O pequeno Davi é filho e sobrinho de músicos. O seu pai, José Henrique Pereira da Silva, integra junto com dois tios a banda de reggae Macaco Prego. “Sempre gostei da música e toco bateria desde os 3 anos. Minhas referências musicais sempre foram Beatles e Bob Marley. Adoro tocar Redemption Song, do Bob Marley, no violão”.
No cinema, no entanto, Davi faz sua estreia. E a aprovação do maestro foi imediata. “O Davi pode ser ator ou pianista. Ele será um herdeiro do Arthur Moreira Lima ou desse maestro”, apostou João Carlos Martins.
O diretor do filme, Mauro Lima, afirma que o processo de seleção de Davi foi o mesmo de todo mundo, mas que sua ligação com a música foi fundamental para a escolha.
“A produtora de elenco foi mandando vários vídeos, mas eles não tocavam nada, eram atores. Nas fichas, no entanto, ela assinalou alguns que tinham algum conhecimento de música. Em três vídeos ele aparecia tocando algum instrumento. Em um ele tocava bateria, no outro tocava violão, depois um tecladinho. Uma música comum, o tema do Poderoso Chefão. Mas dava para perceber que ele tinha uma alma de músico”.

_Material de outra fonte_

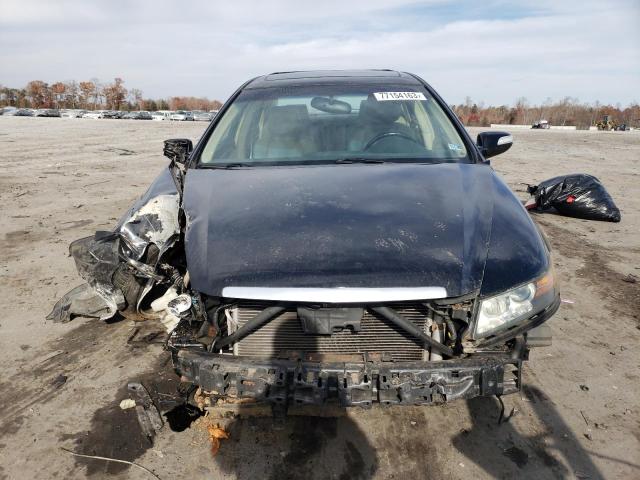Photo 5 from auction – 2008 ACURA TL with VIN 19UUA662X8A053337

Lima afirma que conversou com a preparadora de elenco e ressaltou a importância de dar uma atenção maior ao menino. “Foi um lance meio de intuição. Não tinha muita coisa dele atuando. Ao mesmo tempo, colocamos uma professora de piano clássico com ele. Duas semanas antes de começar o filme, ele já estava tocando a música que ia aparecer no filme. Esse menino é um talento extraordinário. Hoje ele poderia tocar perfeitamente na transição para a adolescência do maestro”.
Davi afirma que a paixão pelo aprendizado da música tem apenas um limite. “Aprendi a tocar teclado, guitarra, bateria, piano, mas quando chegou a hora do baixo, achei melhor parar. É muita coisa. Meu tio tentou me ensinar, mas acho que está de bom tamanho”, disse o menino-prodígio, aos risos.